__PROBLEM REQUIREMENTS__
Below are records; quote them exactly from the first line through the line that contains "2 bedrooms, iron/ironing".

ENTRIES SHOWN Block Start

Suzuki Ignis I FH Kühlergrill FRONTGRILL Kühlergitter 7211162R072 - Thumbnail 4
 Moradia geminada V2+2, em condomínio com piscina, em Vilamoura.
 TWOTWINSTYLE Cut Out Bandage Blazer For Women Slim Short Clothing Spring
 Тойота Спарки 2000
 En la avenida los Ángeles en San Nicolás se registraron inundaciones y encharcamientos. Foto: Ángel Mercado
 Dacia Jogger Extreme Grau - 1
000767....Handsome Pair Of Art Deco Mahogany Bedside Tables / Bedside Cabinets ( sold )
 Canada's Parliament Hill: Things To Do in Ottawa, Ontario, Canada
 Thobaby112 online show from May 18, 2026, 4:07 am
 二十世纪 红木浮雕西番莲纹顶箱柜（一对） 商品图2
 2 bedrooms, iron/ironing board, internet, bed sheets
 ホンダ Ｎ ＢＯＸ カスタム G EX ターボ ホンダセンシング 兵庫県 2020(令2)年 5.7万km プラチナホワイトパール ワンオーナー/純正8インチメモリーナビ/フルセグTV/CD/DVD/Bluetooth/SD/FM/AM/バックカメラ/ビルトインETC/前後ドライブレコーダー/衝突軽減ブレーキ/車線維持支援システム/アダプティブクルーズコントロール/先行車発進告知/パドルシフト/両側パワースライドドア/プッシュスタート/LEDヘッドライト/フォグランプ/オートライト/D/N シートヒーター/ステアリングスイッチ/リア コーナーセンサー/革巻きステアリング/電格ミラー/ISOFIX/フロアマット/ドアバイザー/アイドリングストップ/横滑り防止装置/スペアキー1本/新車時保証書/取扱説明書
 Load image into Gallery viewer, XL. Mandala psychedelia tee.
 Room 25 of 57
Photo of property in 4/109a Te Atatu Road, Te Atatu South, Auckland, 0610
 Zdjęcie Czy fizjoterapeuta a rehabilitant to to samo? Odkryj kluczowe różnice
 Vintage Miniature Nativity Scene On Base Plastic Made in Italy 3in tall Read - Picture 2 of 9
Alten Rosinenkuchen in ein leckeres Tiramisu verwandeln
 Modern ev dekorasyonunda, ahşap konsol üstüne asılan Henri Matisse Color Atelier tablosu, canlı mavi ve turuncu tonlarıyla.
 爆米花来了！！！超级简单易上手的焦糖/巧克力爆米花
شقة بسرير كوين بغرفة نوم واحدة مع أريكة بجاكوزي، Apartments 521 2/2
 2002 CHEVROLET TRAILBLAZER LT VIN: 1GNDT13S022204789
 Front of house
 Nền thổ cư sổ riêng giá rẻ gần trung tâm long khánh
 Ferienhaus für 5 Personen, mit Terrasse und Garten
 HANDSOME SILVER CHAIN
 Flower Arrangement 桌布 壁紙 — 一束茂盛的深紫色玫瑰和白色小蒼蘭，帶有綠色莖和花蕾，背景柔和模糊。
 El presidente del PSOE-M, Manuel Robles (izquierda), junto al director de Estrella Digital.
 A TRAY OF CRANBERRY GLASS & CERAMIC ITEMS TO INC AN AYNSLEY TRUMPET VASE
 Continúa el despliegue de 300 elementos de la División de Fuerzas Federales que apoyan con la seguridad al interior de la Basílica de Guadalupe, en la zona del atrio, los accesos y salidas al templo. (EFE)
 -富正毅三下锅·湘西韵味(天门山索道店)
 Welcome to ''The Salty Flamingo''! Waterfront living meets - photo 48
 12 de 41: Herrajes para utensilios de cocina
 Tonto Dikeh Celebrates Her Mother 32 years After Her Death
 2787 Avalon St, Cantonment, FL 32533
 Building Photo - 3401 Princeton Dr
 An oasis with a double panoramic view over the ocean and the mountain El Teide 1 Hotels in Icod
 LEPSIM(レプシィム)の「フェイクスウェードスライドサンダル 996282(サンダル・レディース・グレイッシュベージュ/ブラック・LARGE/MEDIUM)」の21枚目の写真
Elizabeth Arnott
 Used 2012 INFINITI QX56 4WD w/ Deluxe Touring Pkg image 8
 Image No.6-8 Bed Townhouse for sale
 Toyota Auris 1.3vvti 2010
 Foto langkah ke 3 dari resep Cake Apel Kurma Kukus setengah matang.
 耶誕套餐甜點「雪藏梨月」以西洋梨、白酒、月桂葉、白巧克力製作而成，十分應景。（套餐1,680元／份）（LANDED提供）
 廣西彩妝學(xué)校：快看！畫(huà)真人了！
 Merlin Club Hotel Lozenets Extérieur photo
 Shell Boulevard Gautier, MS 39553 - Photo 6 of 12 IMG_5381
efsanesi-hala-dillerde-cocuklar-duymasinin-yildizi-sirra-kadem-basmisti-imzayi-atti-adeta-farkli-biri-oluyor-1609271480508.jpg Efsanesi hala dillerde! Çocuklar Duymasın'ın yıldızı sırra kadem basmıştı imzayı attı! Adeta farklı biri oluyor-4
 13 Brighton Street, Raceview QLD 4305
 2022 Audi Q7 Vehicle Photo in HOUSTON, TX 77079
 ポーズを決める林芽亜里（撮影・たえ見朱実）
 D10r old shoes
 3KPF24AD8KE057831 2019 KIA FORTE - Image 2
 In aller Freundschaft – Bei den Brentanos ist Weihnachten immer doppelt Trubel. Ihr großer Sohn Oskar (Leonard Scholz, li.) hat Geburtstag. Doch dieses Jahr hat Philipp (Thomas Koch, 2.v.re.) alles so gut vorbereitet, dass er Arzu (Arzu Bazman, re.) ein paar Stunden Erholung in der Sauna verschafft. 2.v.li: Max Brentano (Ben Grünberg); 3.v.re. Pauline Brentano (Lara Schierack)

ENTRIES SHOWN Block End

__WORKED SOLUTION__
Suzuki Ignis I FH Kühlergrill FRONTGRILL Kühlergitter 7211162R072 - Thumbnail 4
 Moradia geminada V2+2, em condomínio com piscina, em Vilamoura.
 TWOTWINSTYLE Cut Out Bandage Blazer For Women Slim Short Clothing Spring
 Тойота Спарки 2000
 En la avenida los Ángeles en San Nicolás se registraron inundaciones y encharcamientos. Foto: Ángel Mercado
 Dacia Jogger Extreme Grau - 1
000767....Handsome Pair Of Art Deco Mahogany Bedside Tables / Bedside Cabinets ( sold )
 Canada's Parliament Hill: Things To Do in Ottawa, Ontario, Canada
 Thobaby112 online show from May 18, 2026, 4:07 am
 二十世纪 红木浮雕西番莲纹顶箱柜（一对） 商品图2
 2 bedrooms, iron/ironing board, internet, bed sheets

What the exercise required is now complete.